Umm...You can ask anyway..There's a couple/Fre people here that are Para Ord fans:watching:
People just usually head to the general 1911 section.


----------



## Todd (Jul 3, 2006)

We're working on it. It's next on the list after we get the Palmetto section up and running. :smt033

Seriously though, as DevilsJohnson said, just post in the 1911 section. It's not practical to have a sub-section for more brands right now.


----------



## babs (Nov 30, 2007)

One more in favor.. 

I'd love a section to read up from the Para owners and LDA owners. For some reason I keep ogling those dadgum expensive things.
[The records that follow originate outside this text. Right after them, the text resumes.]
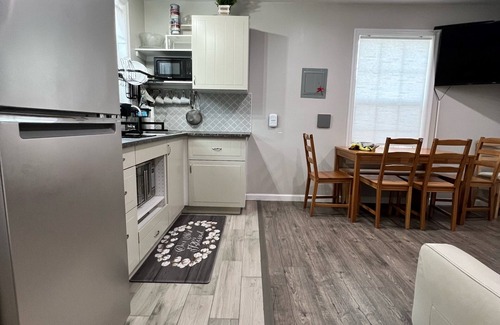 Silver Spring Casa | Cozy Guesthouse w/ free parking, 15 minutes to D.C., Pet Friendly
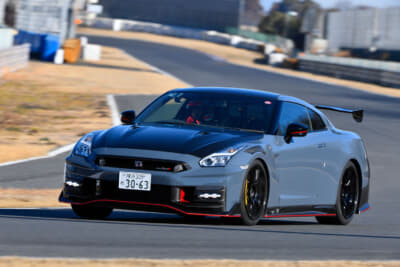 最終コーナーを駆け抜けるGT-R NISMO 2024年モデル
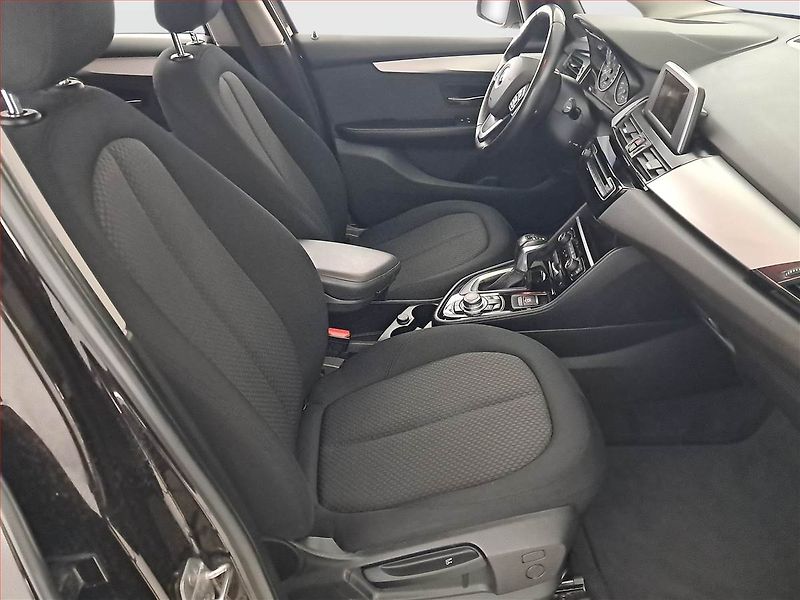 BMW Řada 2 (2015) 218d Gran Tourer, Automat - fotka 9 z 20
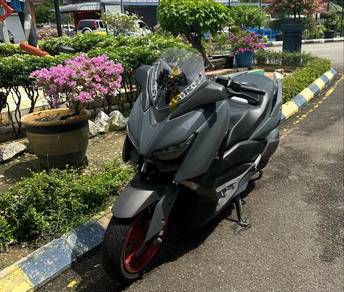 Yamaha XMAX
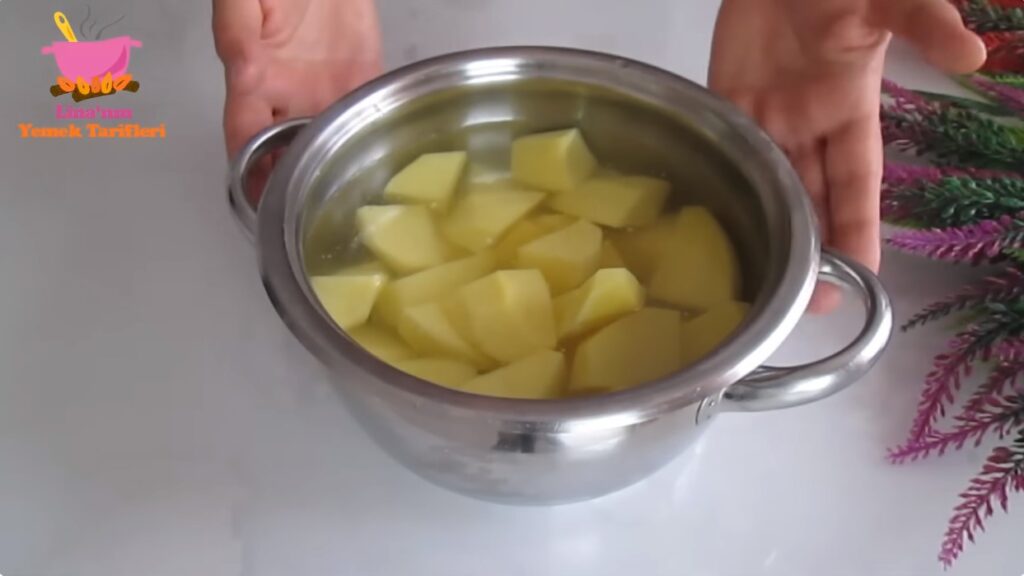 kroket için patates haşlama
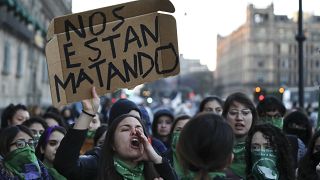 Μεξικό: Γυναίκες διαδήλωσαν έξω από το προεδρικό μέγαρο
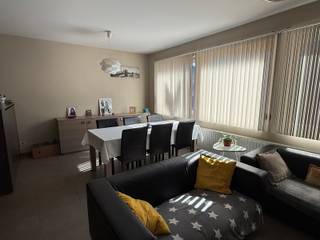 Dit instapklare appartement is ideaal gelegen in het hart van Tielt, vlakbij winkels, scholen en openbaar vervoer.... alles op wandelafstand!<br /><br />INDELING: <br />Inkomhal met gastentoilet. Lichtrijke leefruimte met aansluitend een ingerichte open keuken (kasten, keramische kookplaat, microgolf, oven, koelkast, vaatwasser,....).<br /><br />Verder beschikt het appartement over twee slaapkamers en een badkamer uitgerust met een lavabomeubel en douche. In de badkamer is er ook een aansluiting voor de wasmachine. <br /><br />Er is geen provisie voor de gemeenschappelijke kosten.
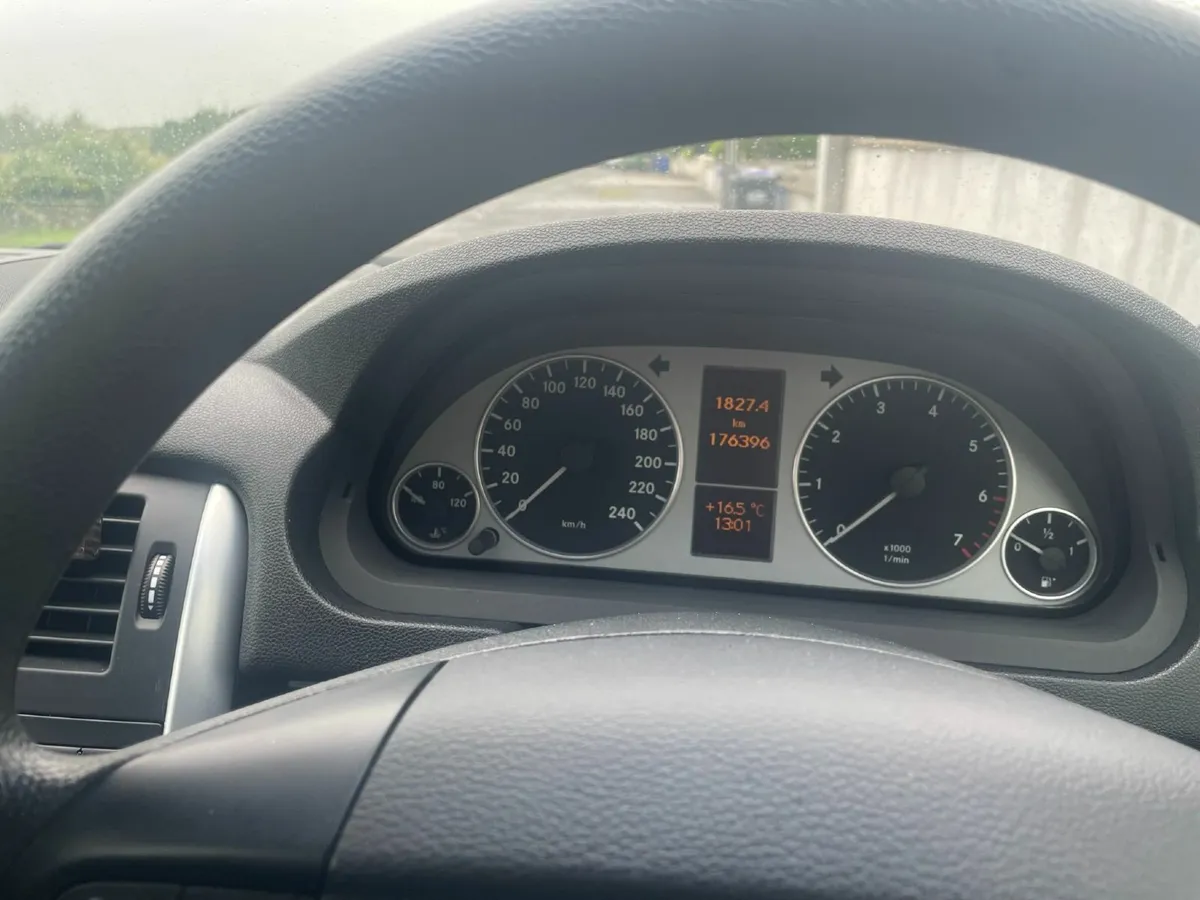 Mercedes-Benz B-Class Automatic - Low Mileage - Image 4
The concept is sweet for carry for someone who doesn't get their skirt all blown up by carrying cocked 'n locked but digs 1911 ergonomics.


----------



## DevilsJohnson (Oct 21, 2007)

Todd said:


> We're working on it. It's next on the list after we get the Palmetto section up and running. :smt033
> 
> Seriously though, as DevilsJohnson said, just post in the 1911 section. It's not practical to have a sub-section for more brands right now.


:anim_lol::anim_lol::smt082 Now THIS isa carry weapon!


----------



## babs (Nov 30, 2007)

Now that is one slick shoot'n arn there! :smt023 

Imagine Lee Van Cleef whoooopin that big thing out of an old cowboy holster. heheheh.. "hold on a sec' pardner, I've almost got all of it out of this here holster so I can shoot at ya."

:smt082


----------



## Todd (Jul 3, 2006)

DevilsJohnson said:


> :anim_lol::anim_lol::smt082 Now THIS isa carry weapon!


It is SWEET! :mrgreen:


----------



## DevilsJohnson (Oct 21, 2007)

anyway..what was the Para related post? I love Para Ord. Got two of them. I only want a few more..yeah..Few

I have an old P16 that is a tack driver. Found it in a pawn shop for 350.00. I had never had a 1911 in 40 before. Sure works well. I have a LTC too. I liked it so much I sold my Colt Combat Commander. I really want one of the LDA's


----------



## Todd (Jul 3, 2006)

DevilsJohnson said:


> anyway..what was the Para related post?


There wasn't one, just the request for the section. And not speaking for js, but I can't see one happening soon. Eventually you have to draw the line somewhere. We have a 1911 section, that's good. If we divide the 1911's in brands, then what? We have to have a separate section for all the Sig, Glock, Springfield, S&W, etc. models as well? It would get out of hand too fast and be too confusing as to where to properly start a thread.


----------



## DevilsJohnson (Oct 21, 2007)

Oh I agree 100%, i was curious as to what Para related issue the OP might have had. Really when it comes to 1911 related things it can get already pretty hairy with all the sub sections as is. Being Para makes about everything they have on a 1911 type platform was why I made the earlier post. I just started thinking that the OP might of had a question was all.


----------



## crinko (May 26, 2008)

didnt mean to make a big thing about it, the 1911 section is quite ok for me. Sorry guys


----------